As with previous confrontations among Egypt’s political actors, there are no scenarios that are likely to result in an outcome beneficial to the majority of the population. His attempted deflection of criticism in last Wednesday’s speech notwithstanding, most Egyptians are suffering the consequences of the Morsi government’s failures, the ensuing political stalemate, devastating economic collapse, and lack of security and basic services. 

Having achieved decisive victories in every election they have contested, the Muslim Brotherhood’s leaders have spent much of the last year consolidating their gains, attempting to establish a foothold within the state’s institutions, and marginalising the nation’s other political forces in the process. From the economy to preserving basic peace and security, on almost every score, Morsi’s presidency has failed to deliver. Even when considering the unrealistic expectations made of him and the thankless task of overcoming three decades of rampant corruption, ineffective governance, and abuse of power in a matter of months, the past year has only further exposed the Muslim Brotherhood as an organisation ill-equipped for the monumental task of governing Egypt, or at least doing so alone.

While one can outline the long list of missteps and excesses committed by Morsi over the course of his brief presidency, the Muslim Brotherhood’s posture can be traced back to the underlying decision to put stock in a process that promised to deliver few of the revolution’s demands. Rather than establishing a strong partnership with the groups on the front lines in the fight for social justice and the rule of law, the Muslim Brotherhood hedged its bets by committing its energies to the military-led transition, hoping to coerce the institutions of the state to work in its favour, rather than push for a total reformation that could have realised some of the objectives that led millions of Egyptians to take to the streets in the first place. Decades of mistrust of other political forces and a deep obsession with controlling the levers of power have only been further entrenched within the Muslim Brotherhood’s leadership in recent months. In his mad rush to establish an unshakable claim to democratic legitimacy, Morsi neglected the business of actual effective governance upon which such a claim should have been based. 

Within the opposition, however, only the small contingent of revolutionary groups, led mostly by the nation’s urban youth movement, escape charges of hypocrisy and opportunism. Having consistently stood against the post-Mubarak transition, from the military-sponsored referendum to last summer’s presidential elections, these groups continue to call for the implementation of genuine changes to Egypt’s governing institutions and socioeconomic structures. In that light, the June 30 protest should be viewed in the spirit of the original January 25, 2011 calls for bread, freedom, and social justice. 

However, the revolutionaries have also been joined by figures whose commitment to Egypt’s democratic transition appears directly tied to their personal political fortunes. Ironically, this is a charge frequently levelled against the Muslim Brotherhood, with little evidence to support it considering the group has yet to lose at the polls. Among Egypt’s smaller political parties and failed presidential candidates, obstructionism became the overriding agenda from day one of the Morsi presidency. Whether as a result of their deep opposition to Islamism as a guiding ideology or an inflated sense of their own political abilities, these diverse forces have coalesced into a united front that has repeatedly escalated the confrontation with the Muslim Brotherhood. 

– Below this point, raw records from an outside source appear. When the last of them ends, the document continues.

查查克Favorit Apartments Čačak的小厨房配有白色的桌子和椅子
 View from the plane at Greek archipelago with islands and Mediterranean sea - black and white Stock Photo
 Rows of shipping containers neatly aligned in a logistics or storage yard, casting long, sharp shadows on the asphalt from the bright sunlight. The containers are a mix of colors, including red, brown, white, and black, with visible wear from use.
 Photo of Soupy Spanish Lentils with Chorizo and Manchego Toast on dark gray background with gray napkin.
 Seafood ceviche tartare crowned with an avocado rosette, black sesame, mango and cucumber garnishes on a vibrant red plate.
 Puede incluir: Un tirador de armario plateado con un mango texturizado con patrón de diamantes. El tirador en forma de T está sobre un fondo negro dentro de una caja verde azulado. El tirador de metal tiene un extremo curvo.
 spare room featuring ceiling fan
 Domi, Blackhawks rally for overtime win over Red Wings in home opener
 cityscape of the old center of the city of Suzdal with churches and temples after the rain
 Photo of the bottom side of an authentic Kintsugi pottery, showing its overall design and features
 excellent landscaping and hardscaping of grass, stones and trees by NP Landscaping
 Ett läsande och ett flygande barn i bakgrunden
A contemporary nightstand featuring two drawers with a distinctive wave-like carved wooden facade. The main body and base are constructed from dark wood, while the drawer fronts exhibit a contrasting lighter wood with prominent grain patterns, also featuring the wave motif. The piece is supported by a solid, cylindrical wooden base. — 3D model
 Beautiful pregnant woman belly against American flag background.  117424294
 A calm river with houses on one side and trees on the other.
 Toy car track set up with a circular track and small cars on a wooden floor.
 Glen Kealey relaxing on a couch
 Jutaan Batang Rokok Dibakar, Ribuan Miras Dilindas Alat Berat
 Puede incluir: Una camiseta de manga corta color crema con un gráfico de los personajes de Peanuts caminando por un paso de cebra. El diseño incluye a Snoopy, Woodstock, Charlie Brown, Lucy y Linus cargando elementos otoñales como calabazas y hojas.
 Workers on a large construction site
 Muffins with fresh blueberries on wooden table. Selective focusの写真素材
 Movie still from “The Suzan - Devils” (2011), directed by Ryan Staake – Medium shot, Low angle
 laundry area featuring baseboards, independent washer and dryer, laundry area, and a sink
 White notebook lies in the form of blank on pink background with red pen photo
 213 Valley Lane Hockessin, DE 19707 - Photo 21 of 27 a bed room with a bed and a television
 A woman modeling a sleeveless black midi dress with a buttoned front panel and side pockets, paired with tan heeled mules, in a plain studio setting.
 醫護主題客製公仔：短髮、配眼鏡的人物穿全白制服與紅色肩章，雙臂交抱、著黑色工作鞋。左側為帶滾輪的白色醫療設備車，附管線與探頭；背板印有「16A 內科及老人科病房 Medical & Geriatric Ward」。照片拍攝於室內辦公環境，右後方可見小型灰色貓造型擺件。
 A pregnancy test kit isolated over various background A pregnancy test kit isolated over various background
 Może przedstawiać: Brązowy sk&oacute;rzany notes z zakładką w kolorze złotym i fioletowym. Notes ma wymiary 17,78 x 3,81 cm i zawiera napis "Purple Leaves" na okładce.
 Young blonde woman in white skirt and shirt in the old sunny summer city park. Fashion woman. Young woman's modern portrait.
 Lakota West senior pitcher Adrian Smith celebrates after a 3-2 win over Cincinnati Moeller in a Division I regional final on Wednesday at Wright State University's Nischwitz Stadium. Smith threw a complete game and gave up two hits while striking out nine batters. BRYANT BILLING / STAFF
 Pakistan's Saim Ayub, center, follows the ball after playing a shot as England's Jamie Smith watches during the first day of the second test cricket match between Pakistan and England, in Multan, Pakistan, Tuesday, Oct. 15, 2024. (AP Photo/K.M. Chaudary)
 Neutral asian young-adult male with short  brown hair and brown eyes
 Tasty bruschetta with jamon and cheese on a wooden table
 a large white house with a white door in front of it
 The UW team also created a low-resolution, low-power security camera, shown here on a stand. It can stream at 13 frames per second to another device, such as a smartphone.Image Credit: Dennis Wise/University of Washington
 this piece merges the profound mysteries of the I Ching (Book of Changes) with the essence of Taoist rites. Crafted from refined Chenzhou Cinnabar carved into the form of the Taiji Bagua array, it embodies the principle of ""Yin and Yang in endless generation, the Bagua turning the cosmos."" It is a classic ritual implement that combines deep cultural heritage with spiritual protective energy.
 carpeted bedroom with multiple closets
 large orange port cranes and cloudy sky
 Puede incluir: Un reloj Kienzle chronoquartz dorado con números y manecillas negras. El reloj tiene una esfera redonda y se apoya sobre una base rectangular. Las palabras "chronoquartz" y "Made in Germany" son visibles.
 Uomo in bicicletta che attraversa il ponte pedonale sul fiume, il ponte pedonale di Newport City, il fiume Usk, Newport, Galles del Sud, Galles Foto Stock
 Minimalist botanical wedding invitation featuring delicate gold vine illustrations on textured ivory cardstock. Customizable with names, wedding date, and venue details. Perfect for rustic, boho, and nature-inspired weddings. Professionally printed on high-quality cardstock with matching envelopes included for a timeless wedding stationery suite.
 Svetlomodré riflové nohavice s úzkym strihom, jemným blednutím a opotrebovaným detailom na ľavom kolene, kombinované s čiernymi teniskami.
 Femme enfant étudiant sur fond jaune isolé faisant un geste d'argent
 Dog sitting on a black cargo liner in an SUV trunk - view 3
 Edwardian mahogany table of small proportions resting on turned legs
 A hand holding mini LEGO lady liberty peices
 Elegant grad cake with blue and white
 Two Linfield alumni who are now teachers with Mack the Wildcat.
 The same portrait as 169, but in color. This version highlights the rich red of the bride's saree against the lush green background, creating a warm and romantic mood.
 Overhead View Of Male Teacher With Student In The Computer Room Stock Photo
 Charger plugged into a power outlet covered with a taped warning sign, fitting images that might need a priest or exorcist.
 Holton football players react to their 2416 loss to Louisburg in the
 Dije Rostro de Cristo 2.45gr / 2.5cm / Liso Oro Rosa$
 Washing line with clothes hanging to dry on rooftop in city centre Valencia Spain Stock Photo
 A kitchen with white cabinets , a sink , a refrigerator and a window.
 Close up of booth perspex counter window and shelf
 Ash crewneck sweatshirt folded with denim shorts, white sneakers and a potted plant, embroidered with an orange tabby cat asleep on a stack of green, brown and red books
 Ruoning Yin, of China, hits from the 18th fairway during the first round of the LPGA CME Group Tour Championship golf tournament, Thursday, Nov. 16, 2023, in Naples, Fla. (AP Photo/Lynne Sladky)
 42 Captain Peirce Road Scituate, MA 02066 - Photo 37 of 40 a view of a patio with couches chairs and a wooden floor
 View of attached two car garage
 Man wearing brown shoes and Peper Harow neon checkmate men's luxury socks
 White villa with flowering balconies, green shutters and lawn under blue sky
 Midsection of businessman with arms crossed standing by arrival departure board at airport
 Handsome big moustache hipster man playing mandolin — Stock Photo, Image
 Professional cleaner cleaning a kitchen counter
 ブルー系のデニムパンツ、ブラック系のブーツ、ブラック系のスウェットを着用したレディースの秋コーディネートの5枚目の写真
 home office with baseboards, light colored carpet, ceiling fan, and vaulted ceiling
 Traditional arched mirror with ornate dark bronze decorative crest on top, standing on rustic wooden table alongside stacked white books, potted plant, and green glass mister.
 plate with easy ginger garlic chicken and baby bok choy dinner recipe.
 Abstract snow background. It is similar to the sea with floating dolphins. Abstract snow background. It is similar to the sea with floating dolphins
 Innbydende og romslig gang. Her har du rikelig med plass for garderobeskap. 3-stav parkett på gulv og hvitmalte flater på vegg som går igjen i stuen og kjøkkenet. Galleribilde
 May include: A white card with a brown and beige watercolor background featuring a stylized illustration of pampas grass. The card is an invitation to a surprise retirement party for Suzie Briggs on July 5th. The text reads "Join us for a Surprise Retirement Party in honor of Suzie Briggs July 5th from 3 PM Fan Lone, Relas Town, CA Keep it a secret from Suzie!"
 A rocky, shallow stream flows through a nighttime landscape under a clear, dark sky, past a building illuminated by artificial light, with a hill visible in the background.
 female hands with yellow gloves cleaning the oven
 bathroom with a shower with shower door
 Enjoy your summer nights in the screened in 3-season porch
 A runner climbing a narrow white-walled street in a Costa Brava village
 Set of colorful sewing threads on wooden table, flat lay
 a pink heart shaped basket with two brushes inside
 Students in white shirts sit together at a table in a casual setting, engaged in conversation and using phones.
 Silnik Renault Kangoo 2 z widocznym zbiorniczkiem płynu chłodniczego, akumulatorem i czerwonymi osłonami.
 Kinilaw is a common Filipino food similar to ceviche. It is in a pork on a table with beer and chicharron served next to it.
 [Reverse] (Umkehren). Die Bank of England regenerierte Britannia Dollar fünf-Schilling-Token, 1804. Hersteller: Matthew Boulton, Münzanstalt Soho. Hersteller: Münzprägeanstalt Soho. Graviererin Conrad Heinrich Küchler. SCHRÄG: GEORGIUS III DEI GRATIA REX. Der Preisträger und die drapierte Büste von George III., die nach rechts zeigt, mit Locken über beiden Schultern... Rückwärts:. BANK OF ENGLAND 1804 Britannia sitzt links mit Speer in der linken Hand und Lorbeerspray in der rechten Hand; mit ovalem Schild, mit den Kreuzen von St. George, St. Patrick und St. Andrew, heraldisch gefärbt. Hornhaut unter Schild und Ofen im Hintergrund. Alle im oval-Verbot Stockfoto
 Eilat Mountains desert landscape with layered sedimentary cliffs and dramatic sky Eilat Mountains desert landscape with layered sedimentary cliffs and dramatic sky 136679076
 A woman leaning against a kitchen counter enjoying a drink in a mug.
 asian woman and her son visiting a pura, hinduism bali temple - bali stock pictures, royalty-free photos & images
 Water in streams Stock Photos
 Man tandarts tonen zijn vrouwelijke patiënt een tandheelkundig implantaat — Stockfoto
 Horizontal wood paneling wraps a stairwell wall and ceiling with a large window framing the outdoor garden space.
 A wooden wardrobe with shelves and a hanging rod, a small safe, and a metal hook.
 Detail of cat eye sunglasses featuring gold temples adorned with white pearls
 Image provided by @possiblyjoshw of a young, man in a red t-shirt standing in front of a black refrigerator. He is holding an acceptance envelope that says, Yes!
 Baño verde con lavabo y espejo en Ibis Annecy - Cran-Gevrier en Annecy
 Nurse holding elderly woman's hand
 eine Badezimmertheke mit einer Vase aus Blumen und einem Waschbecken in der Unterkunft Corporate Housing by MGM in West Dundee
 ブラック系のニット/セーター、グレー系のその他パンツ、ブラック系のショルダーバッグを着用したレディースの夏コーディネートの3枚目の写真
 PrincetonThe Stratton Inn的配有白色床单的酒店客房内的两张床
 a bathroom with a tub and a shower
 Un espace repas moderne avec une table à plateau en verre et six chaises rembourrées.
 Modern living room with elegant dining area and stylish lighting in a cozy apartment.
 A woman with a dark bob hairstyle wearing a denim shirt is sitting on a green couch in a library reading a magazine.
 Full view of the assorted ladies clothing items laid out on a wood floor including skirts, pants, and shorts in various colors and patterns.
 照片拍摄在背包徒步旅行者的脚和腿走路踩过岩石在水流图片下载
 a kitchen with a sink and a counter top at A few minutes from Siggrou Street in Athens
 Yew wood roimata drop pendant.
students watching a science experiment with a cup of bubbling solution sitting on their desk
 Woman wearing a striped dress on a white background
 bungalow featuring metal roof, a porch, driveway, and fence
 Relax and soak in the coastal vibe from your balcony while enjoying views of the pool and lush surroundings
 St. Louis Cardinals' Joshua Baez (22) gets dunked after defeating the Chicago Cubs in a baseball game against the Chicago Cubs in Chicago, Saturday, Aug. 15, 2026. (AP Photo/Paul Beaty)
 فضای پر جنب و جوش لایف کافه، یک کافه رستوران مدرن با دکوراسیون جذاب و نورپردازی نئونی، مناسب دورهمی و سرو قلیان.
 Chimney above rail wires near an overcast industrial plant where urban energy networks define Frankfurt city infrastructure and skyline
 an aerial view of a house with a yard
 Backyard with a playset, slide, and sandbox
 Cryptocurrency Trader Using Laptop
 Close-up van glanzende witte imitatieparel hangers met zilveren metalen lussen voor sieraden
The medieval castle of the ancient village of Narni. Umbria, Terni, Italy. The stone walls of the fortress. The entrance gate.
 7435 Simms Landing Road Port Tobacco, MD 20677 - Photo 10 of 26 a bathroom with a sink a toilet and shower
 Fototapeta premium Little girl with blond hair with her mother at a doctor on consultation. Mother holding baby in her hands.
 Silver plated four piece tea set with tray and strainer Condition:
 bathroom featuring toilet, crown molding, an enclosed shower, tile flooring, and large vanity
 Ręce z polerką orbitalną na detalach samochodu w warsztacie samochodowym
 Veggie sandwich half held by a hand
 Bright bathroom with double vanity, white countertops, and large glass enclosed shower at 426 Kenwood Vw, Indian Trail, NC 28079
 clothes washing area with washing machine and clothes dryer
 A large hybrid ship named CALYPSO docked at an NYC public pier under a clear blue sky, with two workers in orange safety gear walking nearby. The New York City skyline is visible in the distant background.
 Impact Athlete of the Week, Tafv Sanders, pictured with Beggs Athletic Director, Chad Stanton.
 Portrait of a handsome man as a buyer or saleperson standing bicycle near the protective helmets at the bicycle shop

Having made the calculation that it is preferable to bring down the elected government than to engage with it, Mohamed ElBaradie, Amr Moussa, and Hamdeen Sabahi, along with other leaders, have done more than their share to lead to the current impasse. In a classic example of political Schadenfreude, these figures have spurned multiple opportunities to diffuse tensions and reach a negotiated solution with the government, instead taking particular delight in Morsi’s policy failures, though it is the Egyptian people who have suffered most as a result. In the most recent example, virtually none of the opposition parties chose to submit candidates for governor posts, leading to Morsi’s disastrous decision to appoint a former jihadist as governor of Luxor, an important tourist destination. Adel el-Khayat’s Construction and Development Party was one of the few to put forward a name.

Perhaps more alarmingly, these elements within the opposition have resorted to tactics that threaten to undo the progress, limited as it is, that Egypt has made over the past thirty months. By beseeching the corrupt and compromised remnants of the Mubarak regime to exert their influence on the current political stalemate, ElBaradie and others have abandoned any pretence to being supporters of the January 25 uprising. Furthermore, by calling upon the military to reclaim the reins of power yet again, these leaders dishonour the sacrifice of all those killed and injured in their struggle against the direct rule of the Egyptian military and its efforts to restrain the revolution before it could achieve all of its aims. 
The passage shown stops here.